Standard Bank South Africa, one of Africa’s largest banking institutions, will cut 1,200 jobs and close 91 branches in the nation. The reason? Digitization of banking operations and systems. If you add the auxiliary workers like guards and contractors (cleaners, cooks, gardeners, etc), you may be looking at 3,000 people losing their jobs. Yet, check the financials in 12 months, the bank will likely hit better numbers as the customers serve themselves, by themselves, using their smartphones and laptops. This is the new normal.
South African lender Standard Bank will cut around 1,200 jobs and close 91 branches as part of efforts to digitise its retail and business bank, it said on Thursday.
South Africa’s lenders, like others around the world, have been shuttering branches and trimming their headcount in an attempt to cut costs and adapt to customers’ growing preference to bank online or on their mobile phones.
“This has not been an easy decision to make,” the bank, South Africa’s largest by assets, said in a statement, adding it would implement a “comprehensive exit package” that goes beyond the legal requirements
This is a big trajectory in the world and especially in Africa. Take a walk from CBN headquarters in Abuja to the Cadastral zone in the Central Business District in Abuja, count the number of bank branches remaining.
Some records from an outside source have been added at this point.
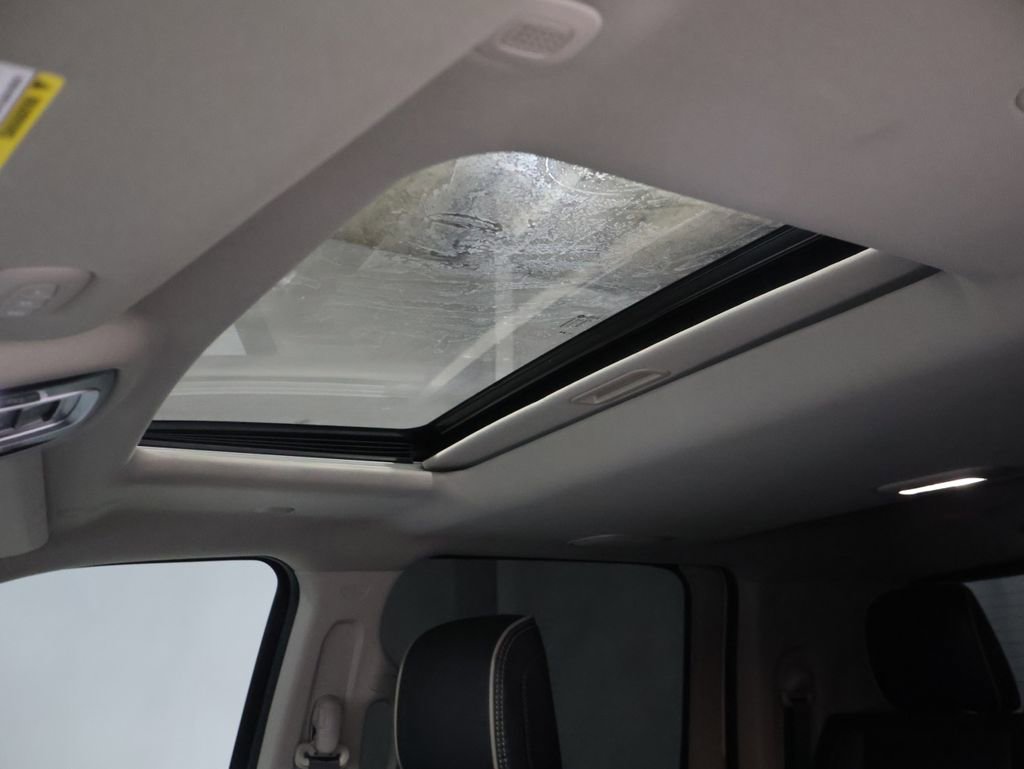 Used 2024 RAM 2500 Laramie image 12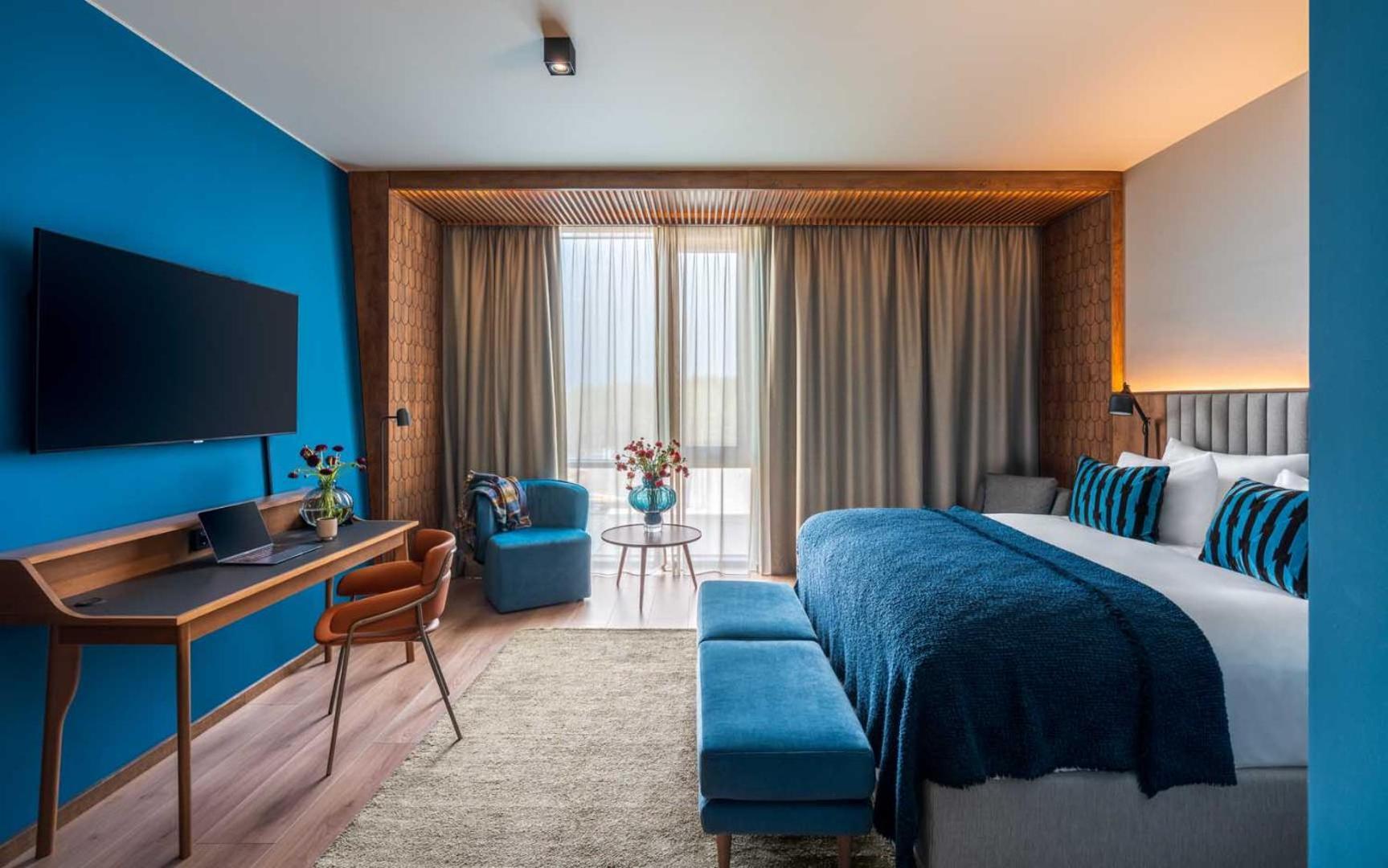 Superior Corner Suite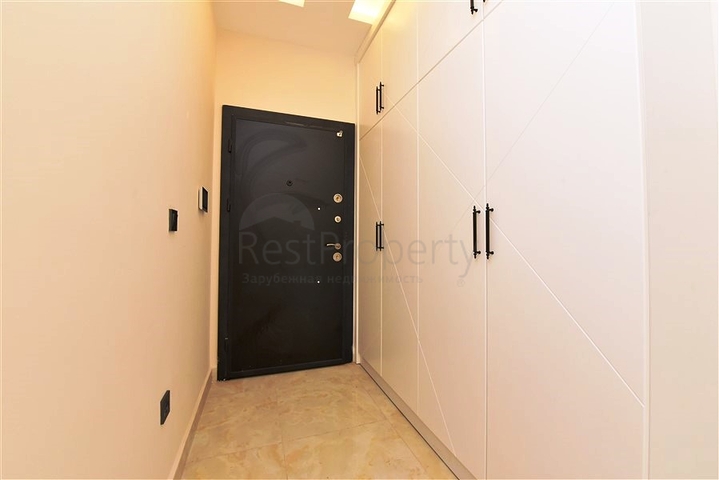 3+1 penthouse with sea view in Mahmutlar area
If you are street-aware, you would have noticed that more than 50% of the branches have closed shops there, including Union Bank which used to occupy a big space at the end of the Cadastral zone, and Sterling Bank, in the last two years. The remaining ones have been severely trimmed. That is partly why many of the banks are returning superior cost-to-income ratios as operating (labour) costs have been shelved to the bones.
Take that experience around the nation and the conclusion is this: software is eating banking, and workers are being displaced. Sure, some will argue they can get other jobs. Unfortunately, it does not work that way. Nigeria has only three key sectors now that pay really decent wages across board: oil & gas, telecoms and banking. Others are sub-optimal.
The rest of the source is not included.